> [Records for this task]:

* * * * * * *

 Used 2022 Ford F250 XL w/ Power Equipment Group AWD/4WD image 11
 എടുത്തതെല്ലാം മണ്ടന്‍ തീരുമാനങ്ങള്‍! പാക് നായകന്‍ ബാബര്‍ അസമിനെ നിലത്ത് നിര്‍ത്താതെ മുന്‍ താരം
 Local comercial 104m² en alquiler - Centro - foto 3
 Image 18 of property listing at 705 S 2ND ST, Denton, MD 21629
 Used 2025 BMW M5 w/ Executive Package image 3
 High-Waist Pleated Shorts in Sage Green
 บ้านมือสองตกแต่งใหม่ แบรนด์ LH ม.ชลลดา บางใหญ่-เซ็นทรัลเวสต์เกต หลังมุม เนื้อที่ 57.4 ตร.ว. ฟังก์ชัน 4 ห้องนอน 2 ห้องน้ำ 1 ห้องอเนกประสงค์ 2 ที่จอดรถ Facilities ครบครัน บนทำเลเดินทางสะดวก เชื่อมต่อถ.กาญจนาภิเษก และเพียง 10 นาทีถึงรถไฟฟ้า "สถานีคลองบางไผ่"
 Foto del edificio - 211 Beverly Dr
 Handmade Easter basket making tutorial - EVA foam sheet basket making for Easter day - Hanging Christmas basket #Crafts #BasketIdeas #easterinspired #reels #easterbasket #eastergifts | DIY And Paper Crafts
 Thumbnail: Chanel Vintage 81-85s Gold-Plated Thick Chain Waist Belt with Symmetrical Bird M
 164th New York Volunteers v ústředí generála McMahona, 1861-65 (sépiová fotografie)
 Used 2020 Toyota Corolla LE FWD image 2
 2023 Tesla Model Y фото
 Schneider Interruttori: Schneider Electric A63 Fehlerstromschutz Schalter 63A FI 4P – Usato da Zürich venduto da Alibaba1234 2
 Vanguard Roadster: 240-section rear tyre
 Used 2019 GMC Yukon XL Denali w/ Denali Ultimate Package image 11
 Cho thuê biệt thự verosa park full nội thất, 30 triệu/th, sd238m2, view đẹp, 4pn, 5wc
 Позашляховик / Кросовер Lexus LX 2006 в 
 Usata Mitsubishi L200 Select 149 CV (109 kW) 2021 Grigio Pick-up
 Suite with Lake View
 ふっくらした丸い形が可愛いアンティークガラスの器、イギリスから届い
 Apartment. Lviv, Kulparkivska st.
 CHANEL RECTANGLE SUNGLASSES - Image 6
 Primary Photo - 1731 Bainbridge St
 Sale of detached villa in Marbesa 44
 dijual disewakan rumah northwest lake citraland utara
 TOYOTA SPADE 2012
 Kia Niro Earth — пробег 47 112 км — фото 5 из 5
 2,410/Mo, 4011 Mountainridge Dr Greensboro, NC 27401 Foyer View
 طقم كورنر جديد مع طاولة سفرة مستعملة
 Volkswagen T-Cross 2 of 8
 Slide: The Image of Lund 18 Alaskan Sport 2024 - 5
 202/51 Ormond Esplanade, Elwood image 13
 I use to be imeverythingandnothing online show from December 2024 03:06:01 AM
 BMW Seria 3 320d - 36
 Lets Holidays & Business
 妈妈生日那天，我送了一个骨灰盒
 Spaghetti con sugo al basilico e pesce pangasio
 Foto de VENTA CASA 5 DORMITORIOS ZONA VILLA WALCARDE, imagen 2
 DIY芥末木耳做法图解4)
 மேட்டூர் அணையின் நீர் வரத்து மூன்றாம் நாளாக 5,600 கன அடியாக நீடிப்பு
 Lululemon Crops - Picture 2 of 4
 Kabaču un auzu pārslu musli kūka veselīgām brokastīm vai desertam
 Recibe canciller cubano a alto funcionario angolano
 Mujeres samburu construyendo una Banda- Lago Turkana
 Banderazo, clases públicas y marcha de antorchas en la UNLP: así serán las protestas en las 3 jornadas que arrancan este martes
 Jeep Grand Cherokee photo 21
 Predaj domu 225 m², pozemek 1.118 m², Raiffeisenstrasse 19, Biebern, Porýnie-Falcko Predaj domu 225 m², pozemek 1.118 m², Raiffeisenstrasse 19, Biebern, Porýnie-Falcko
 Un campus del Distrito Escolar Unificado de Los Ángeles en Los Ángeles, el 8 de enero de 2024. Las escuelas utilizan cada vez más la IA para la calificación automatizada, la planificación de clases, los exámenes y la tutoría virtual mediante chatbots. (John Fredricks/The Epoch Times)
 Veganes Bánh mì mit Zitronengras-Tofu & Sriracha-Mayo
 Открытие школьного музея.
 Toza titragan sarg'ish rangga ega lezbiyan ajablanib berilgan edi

* * * * * * *

Beginning with the line containing "I use to be", repeat each line of the listing above, exactly, through the last one, and stop there.

 I use to be imeverythingandnothing online show from December 2024 03:06:01 AM
 BMW Seria 3 320d - 36
 Lets Holidays & Business
 妈妈生日那天，我送了一个骨灰盒
 Spaghetti con sugo al basilico e pesce pangasio
 Foto de VENTA CASA 5 DORMITORIOS ZONA VILLA WALCARDE, imagen 2
 DIY芥末木耳做法图解4)
 மேட்டூர் அணையின் நீர் வரத்து மூன்றாம் நாளாக 5,600 கன அடியாக நீடிப்பு
 Lululemon Crops - Picture 2 of 4
 Kabaču un auzu pārslu musli kūka veselīgām brokastīm vai desertam
 Recibe canciller cubano a alto funcionario angolano
 Mujeres samburu construyendo una Banda- Lago Turkana
 Banderazo, clases públicas y marcha de antorchas en la UNLP: así serán las protestas en las 3 jornadas que arrancan este martes
 Jeep Grand Cherokee photo 21
 Predaj domu 225 m², pozemek 1.118 m², Raiffeisenstrasse 19, Biebern, Porýnie-Falcko Predaj domu 225 m², pozemek 1.118 m², Raiffeisenstrasse 19, Biebern, Porýnie-Falcko
 Un campus del Distrito Escolar Unificado de Los Ángeles en Los Ángeles, el 8 de enero de 2024. Las escuelas utilizan cada vez más la IA para la calificación automatizada, la planificación de clases, los exámenes y la tutoría virtual mediante chatbots. (John Fredricks/The Epoch Times)
 Veganes Bánh mì mit Zitronengras-Tofu & Sriracha-Mayo
 Открытие школьного музея.
 Toza titragan sarg'ish rangga ega lezbiyan ajablanib berilgan edi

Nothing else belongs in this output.